Matching Refugees to Host Country Locations Based on Preferences and Outcomes

Avidit Acharya, Kirk Bansak, and Jens Hainmueller

IPL Working Paper Series, No. 19-03 (2019)


The idea of refugee matching is to select resettlement locations that are likely to be a good fit for a given refugee to thrive. Research has shown that the place of initial settlement has a profound impact on the long-term integration success of refugees [see for example Bansak et al. (2018) included in a previous edition of the literature review]. Two main approaches to refugee matching have emerged: preference-based (i.e. assigned on the basis of the preferences of the refugees or the preferences of the locations), which is uncommon, and outcome-based matching (i.e. maximize refugees’ predicted integration success, e.g. as measured by employment or earnings).
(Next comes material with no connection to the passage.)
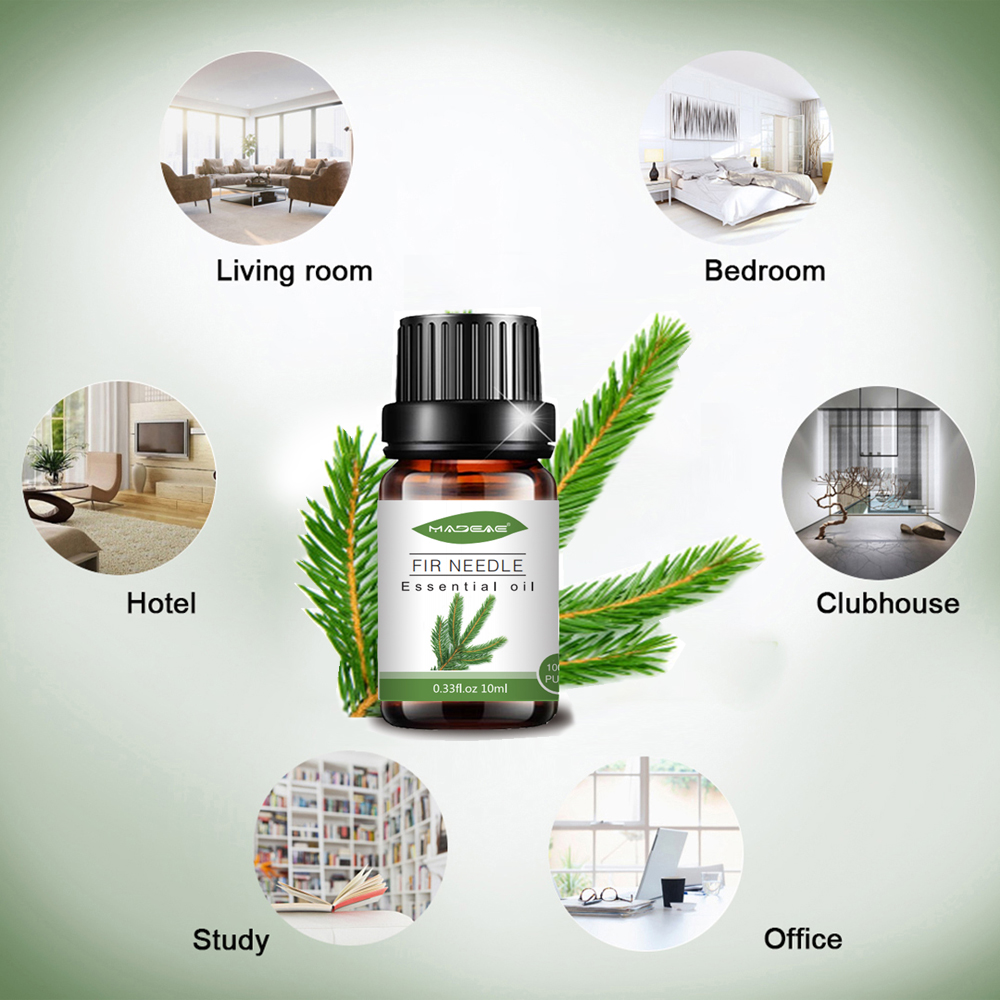 100% pure natural organic fir needle essential oil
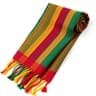 Handwoven Kente Scarf — Traditional Gold & Green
The authors summarize the advantages and disadvantages of each method. The authors developed a mechanism that assigns refugees based on optimizing both refugee preferences and expected outcomes. The government first proposes a metric of integration success (e.g. refugee employment, earnings, health outcomes, etc.), and a minimum level of expected integration success that should be achieved, ‘g’. Secondly, refugees are matched to locations based on their preferences subject to meeting the government’s specified threshold. The algorithm then maps preferences to a feasible matching by serially assigning refugees to locations in a way that accommodates their preferences subject to being able to maintain the minimum average level of expected integration success. The authors illustrate this proposed mechanism using simulations and refugee data from the United States. They show that:

  • There is a clear tradeoff between realized preference ranks and outcome scores in all simulations because enforcing the requirement for a higher value of g requires the mechanism to deviate from the preference-based optimization. Conversely, if preferences and outcomes are positively correlated, then matching based on preferences should indirectly also lead to outcome-based matching, and hence deviation from the preference-based solution will not occur until a higher level of g is reached. If, in advance of their preference reporting, refugees were given information on their predicted outcomes in each location, they could incorporate such information into their preference determination, which would help alleviate the tradeoff in the mechanism.
  • The more similar are different families’ preferences, the more rivalrous is the matching procedure, and hence the more difficult it is to match families to one of their top-ranked locations given limited capacity in each location. Given a negative correlation between preferences and outcome scores (i.e. preference-based assignment is counter to the goal of optimizing for realized outcome scores), a positive correlation across families’ preferences has a significant impact on how the tradeoff affects the realized mean outcome score, with the tradeoff being more severe with a low correlation across preference vectors.
  • The more positive is the correlation between preference and outcome vectors, the later the tradeoff kicks in.

The proposed mechanism strikes a compromise by allowing governments to ensure a minimum level of expected integration success while at the same time respecting refugee preferences to the extent possible. It is also strategy proof, does not require refugees to rank all locations, and could be incorporated into existing assignment mechanisms by eliciting refugee preferences for their top locations.